Nothing about Isaac Asimov is simple, starting from his birth. He was born sometime between October 4, 1919 and January 2, 1920, but he celebrated his birthday on January 2nd. He was born in Petrovichi, Soviet Russia. He was the oldest of three children. With the change in political power, his family moved to Brooklyn, New York in 1923. His name in Cyrillic was Исаак Озимов and translated was Isaak Ozimov. Due its pronunciation, it was eventually changed to Isaac Asimov. He never spoke Russian. His parents spoke Yiddish and went on to learn English in America. He was raised an Orthodox Jew but was an Atheist.
In America, his family owned a candy store where the whole family was expected to help. Their candy shop sold newspapers and magazines, which was not common. This way, the children could read books they could not afford. This influenced his life-long passion for books. He was a claustrophile and loved to the hide in the New York subway and listen to the sounds of the subway go by as he read.
He was forbidden to read pulp fiction books because his father considered them to to be trash, but he was allowed to read science fiction. His father thought that since these books had science in the title, they had to have something educational in them.
At age 11 he began to write his own stories. By the age of 19 he was writing and selling his own science fiction stories. He published his first story, ‘Marooned off Vesta’, in Amazing Stories at the age of 17. He was going to submit the story by mail but his father convinced him it was cheaper to take the subway and deliver it in person.
He graduated at the age of 15 and went to Seth Low Junior College, a branch of Columbia University. Originally, he majored in zoology but quickly changed to chemistry after he refused to dissect an alley cat. He graduated with a bachelor’s of science in 1939. He did not make it into medical school and went on to study chemistry.
He received his MA in 1941 and earned his Masters in BioChemistry in 1948. In 1942 he married his first wife, Gertrude Blugerman, and they lived together in West Philadelphia. He spent three years during World War II working as a civilian on the Naval Air Experimental Station in West Philadelphia where he worked with L. Sprague de Camp and Robert A. Heinlein.
He was drafted in 1945. Because he had his birthday officially changed to January 2nd, he was still 25 and could be drafted. If he had left it as October 4th, he would have been 26 and too old. He was in the army for 9 months and rose to the rank of corporal because of his good typing skills. Due to a mix-up in paperwork, he missed going to the atomic bomb testing in Bikini Atoll.
In 1949, he and his wife moved to Boston. They had two children: David (born 1951) and Robyn Joan (born 1955).
He joined the Faculty of Boston School of Medicine. In 1958 he was able to start writing full time because he was making more money. However, he stayed as an associate professor, and in 1979 he was promoted to full professor of biochemistry.
In 1970 he and his wife separated. He moved to Upper West Side of Manhattan where he spent the rest of his life. Two weeks after his divorce he married Janet O. Jeppson in 1973.
He had a fear of flying and only ever flew twice in his life. This influenced several of his stories. But it never stopped him from traveling.
In 1942 he invented the 3 laws of robotics. They first appeared in the short story “Runaround” The laws are:
1. A robot may not injure a human being or, through inaction, allow a human being to come to harm.
2 A robot must obey the orders given it by human beings except where such orders would conflict with the First Law.
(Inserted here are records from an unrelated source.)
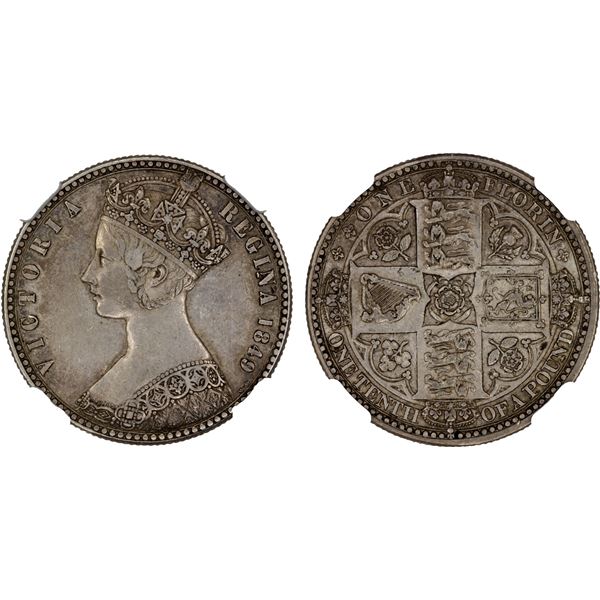 GREAT BRITAIN: Victoria, 1837-1901, AR florin, 1849, NGC AU55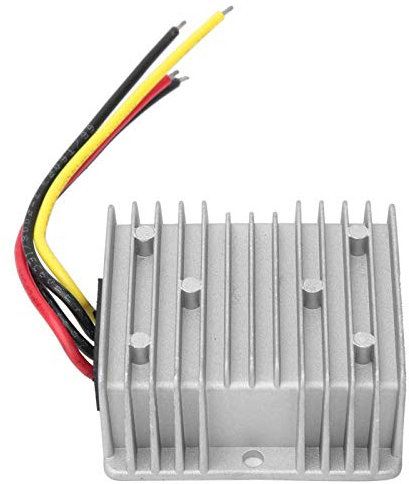 Fafeicy IP67 Stromrichtermodul, DC36V/48V to 24V Aluminium Abwärtswandler mit automatische Schutzfunktionen, für elektrische Alarme von LKWs, 13cm Installationskabels (DC36V/48V to 24V)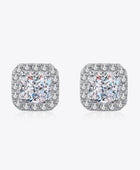 925 Sterling Silver Inlaid 2 Carat Moissanite Square Stud Earrings - Body By J'ne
3. A robot must protect its own existence as long as such protection does not conflict with the First or Second Law.
These were written to protect humans and robots from each other and help us grow together as a community.
Many also don’t know there is a fourth law also known as the Zeroth law which comes before all others:
0. A robot may not harm humanity, or, by inaction, allow humanity to come to harm.
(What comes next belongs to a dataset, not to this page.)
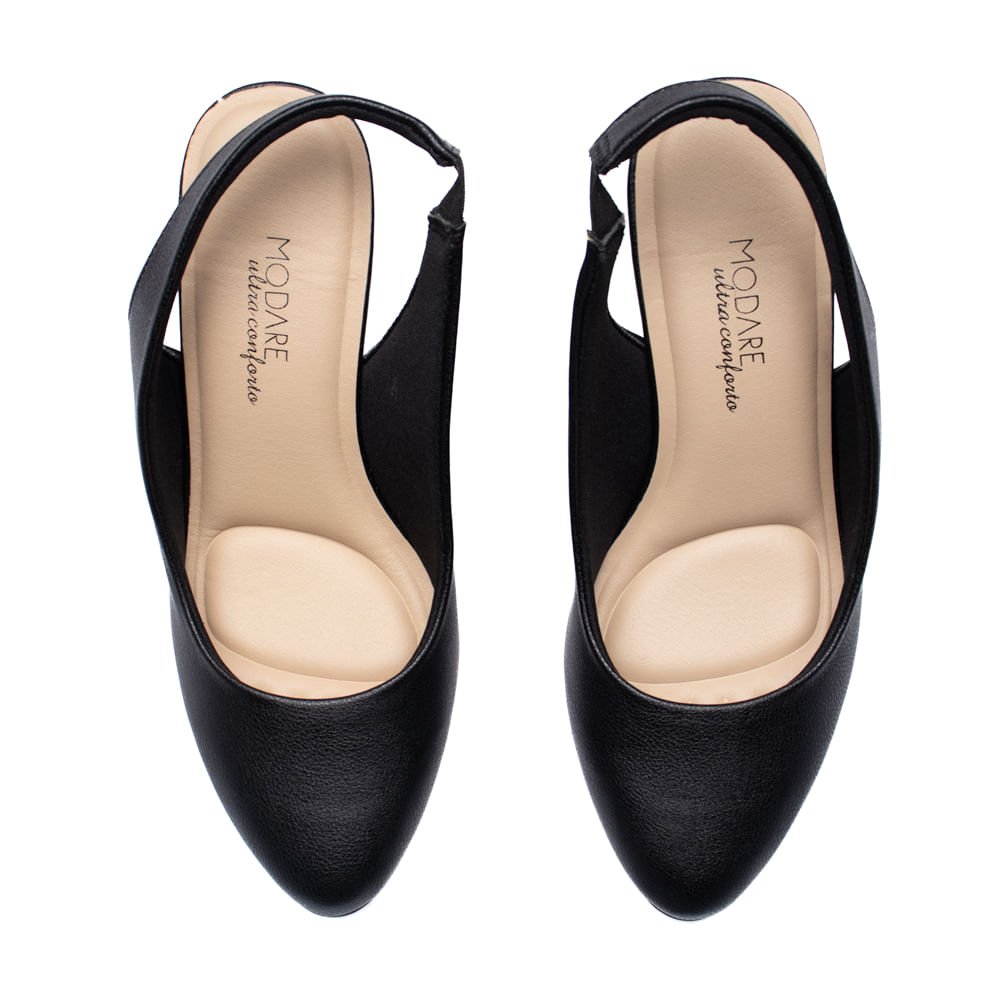 Sapato Feminino Modare Slingback Salto Bloco Preto Preto 4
He predicted that humanity would need robots to help us survive and grow but if we were not careful they would turn away from us and form their own society. This inspired the story of Battlestar Galactica By Glen Larson.
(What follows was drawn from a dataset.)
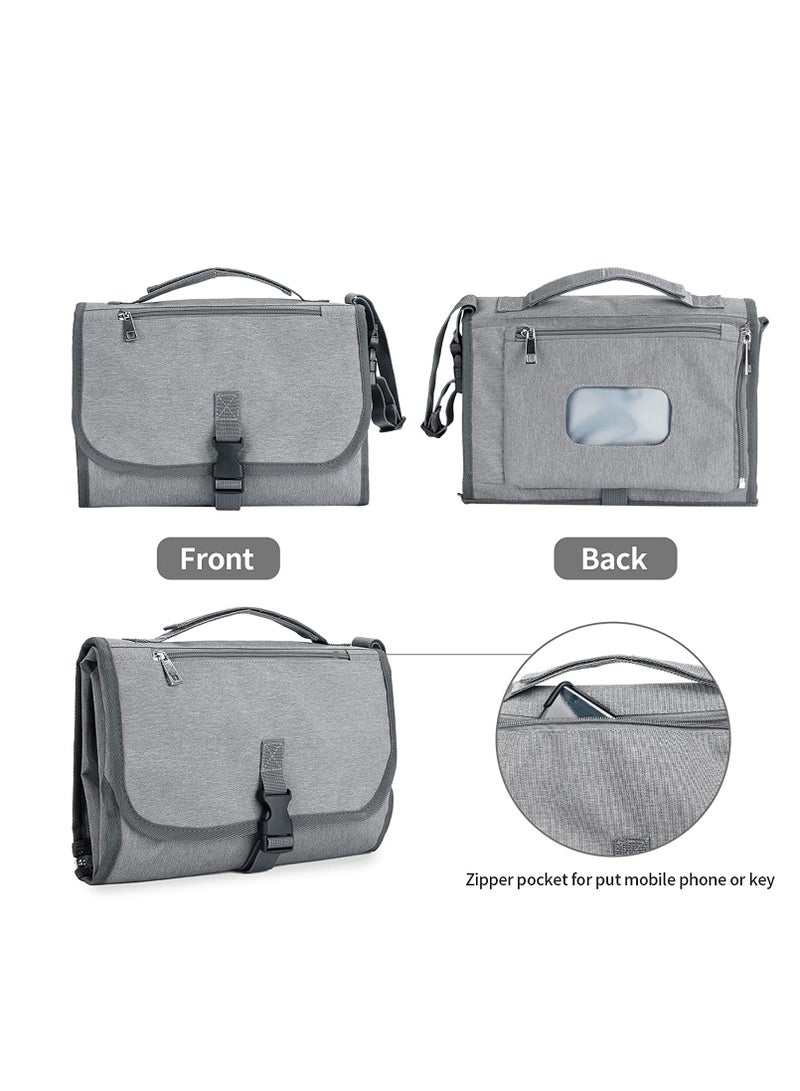 Excefore Baby Changing Pad Multifunctional Newborn Bag with Wipes Pocket Waterproof Portable Travel Infant Changing Diaper Mat Compact Diaper Changing Mat Kit for Mom Dad Baby Shower Gifts - Image 4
Sadly, in 1992 this great man who changed our world and minds passed away. A great prophet of science fiction, one of the smartest men of his time, died. In 1983 he had gone under for triple bypass surgery. He was contaminated with HIV through a blood transfusion. It weakened him and lead to his cause of death of kidney failure on April 6th 1992.
Once, I had just started working at the library and the head Librarian told me, “If anyone asks you a question, tell them the answer is Isaac Asimov.” At the time, I didn’t get it, but the more I learn about him the more I realise how true that statement was.
He may be gone, but he is never forgotten. And don’t forget: January 2nd is every robot’s favorite holiday: St. Asimov’s Day.